>>>

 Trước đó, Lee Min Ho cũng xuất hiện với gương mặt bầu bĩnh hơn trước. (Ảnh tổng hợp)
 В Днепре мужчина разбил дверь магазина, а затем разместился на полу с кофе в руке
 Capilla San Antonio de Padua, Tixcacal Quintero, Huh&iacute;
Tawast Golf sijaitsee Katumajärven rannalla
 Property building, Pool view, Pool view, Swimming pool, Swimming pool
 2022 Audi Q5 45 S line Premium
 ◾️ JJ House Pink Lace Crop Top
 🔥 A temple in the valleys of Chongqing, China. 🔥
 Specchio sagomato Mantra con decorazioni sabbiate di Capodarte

<<<
>>>

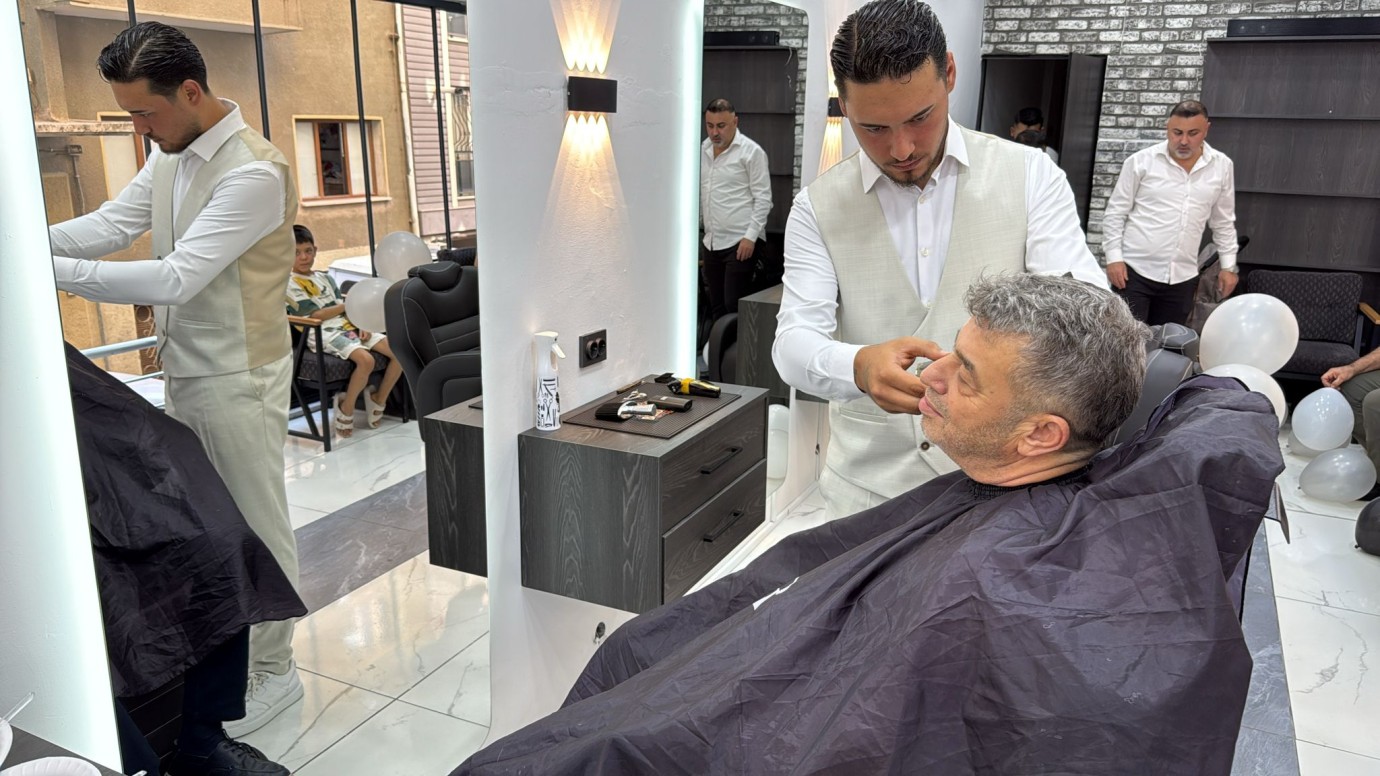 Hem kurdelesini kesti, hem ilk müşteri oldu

<<<

Exercise description — Copy out the range of lines above starting at the line with "2022 Audi Q5 45 S line Premium" and ending at the line with "Specchio sagomato Mantra", exactly and including both.

Completed exercise —
 2022 Audi Q5 45 S line Premium
 ◾️ JJ House Pink Lace Crop Top
 🔥 A temple in the valleys of Chongqing, China. 🔥
 Specchio sagomato Mantra con decorazioni sabbiate di Capodarte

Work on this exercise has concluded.